Telstra has reported a $1.2 billion half-year profit, up 8.1 per cent, as the telco giant reaps the rewards of aggressive cost-cutting that has shed more than 2300 jobs in six months, while warning consumers may face higher mobile bills over a $7.2 billion government spectrum charge.
The results, released to the ASX on Thursday, showed underlying earnings rose 5.5 per cent to $4.2 billion for the half-year ended December 31, driven by strong mobile performance, with services revenue up 5.6 per cent. Earnings per share climbed 11 per cent to 9.9 cents, and the board declared a 10.5 cent interim dividend, up from 9.5 cents a year earlier.
Chief executive Vicki Brady said there was strong momentum across the business, and that Telstra had delivered “strong cost control and disciplined capital management”. She pointed to the mobiles division as the standout performer with “more customers continuing to choose our network and the value it provides”.

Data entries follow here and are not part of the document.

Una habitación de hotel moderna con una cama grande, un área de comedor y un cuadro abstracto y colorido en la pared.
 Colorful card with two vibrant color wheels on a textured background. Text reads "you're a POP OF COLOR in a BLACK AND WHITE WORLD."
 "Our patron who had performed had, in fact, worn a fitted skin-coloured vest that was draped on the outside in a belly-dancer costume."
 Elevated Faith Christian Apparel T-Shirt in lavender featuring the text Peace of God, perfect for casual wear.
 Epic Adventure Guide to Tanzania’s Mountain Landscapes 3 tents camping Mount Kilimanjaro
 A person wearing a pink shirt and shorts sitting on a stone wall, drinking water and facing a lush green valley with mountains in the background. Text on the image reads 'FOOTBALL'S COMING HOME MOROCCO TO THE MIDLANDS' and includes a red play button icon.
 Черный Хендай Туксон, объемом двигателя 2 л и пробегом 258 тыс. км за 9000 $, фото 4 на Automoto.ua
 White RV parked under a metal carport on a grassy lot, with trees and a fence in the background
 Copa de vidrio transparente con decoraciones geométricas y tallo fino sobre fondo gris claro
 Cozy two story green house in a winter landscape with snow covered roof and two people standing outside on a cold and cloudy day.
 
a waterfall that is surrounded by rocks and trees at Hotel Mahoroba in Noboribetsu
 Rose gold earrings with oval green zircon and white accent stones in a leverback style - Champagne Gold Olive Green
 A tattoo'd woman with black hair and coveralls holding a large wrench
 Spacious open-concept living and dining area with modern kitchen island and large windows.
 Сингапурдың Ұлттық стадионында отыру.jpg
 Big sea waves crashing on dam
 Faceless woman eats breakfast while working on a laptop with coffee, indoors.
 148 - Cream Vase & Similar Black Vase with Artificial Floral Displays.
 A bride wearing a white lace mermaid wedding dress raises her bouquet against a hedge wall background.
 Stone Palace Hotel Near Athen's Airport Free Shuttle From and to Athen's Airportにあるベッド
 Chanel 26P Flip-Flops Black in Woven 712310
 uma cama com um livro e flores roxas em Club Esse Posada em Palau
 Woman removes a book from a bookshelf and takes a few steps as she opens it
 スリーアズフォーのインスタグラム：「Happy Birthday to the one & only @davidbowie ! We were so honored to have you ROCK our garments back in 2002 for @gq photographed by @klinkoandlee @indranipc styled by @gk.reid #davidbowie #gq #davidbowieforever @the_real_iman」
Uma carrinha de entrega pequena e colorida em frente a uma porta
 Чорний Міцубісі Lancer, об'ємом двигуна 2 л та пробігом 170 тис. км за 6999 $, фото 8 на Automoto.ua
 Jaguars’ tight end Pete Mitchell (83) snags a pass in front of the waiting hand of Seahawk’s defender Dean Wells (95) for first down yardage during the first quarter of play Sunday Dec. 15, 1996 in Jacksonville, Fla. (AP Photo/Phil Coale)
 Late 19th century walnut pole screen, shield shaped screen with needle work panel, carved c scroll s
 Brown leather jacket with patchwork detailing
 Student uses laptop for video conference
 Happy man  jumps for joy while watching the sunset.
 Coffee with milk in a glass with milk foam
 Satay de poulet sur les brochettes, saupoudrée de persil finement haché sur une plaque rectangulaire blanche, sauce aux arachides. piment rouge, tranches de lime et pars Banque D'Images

But the earnings growth has come at a significant human cost. Total direct roles fell by 2356 to 29,520, with redundancy expenses surging $63 million as Telstra continues a sweeping reset of its enterprise division. Last week, the company proposed axing a further 442 positions, including 209 from its $700 million Accenture data and AI joint venture, with some work to be offshored to India via a new Infosys partnership.
Underlying operating expenses fell 2.4 per cent, or $179 million, delivering the positive operating leverage Brady has promised investors.
The telco tightened its full-year guidance to $8.2-8.4 billion in underlying earnings, and boosted its share buyback from $1 billion to $1.25 billion after completing $637 million of repurchases at an average price of $4.90.
Hanging over the result is Telstra’s escalating fight with communications regulator ACMA over spectrum pricing. In a pre-budget submission, the company warned the regulator’s proposed $7.2 billion licence renewal fee – of which Telstra’s share would be $2.7 billion – could flow through to consumer bills.
Brady has previously stated the additional cost would either reduce network investment or be passed on to customers.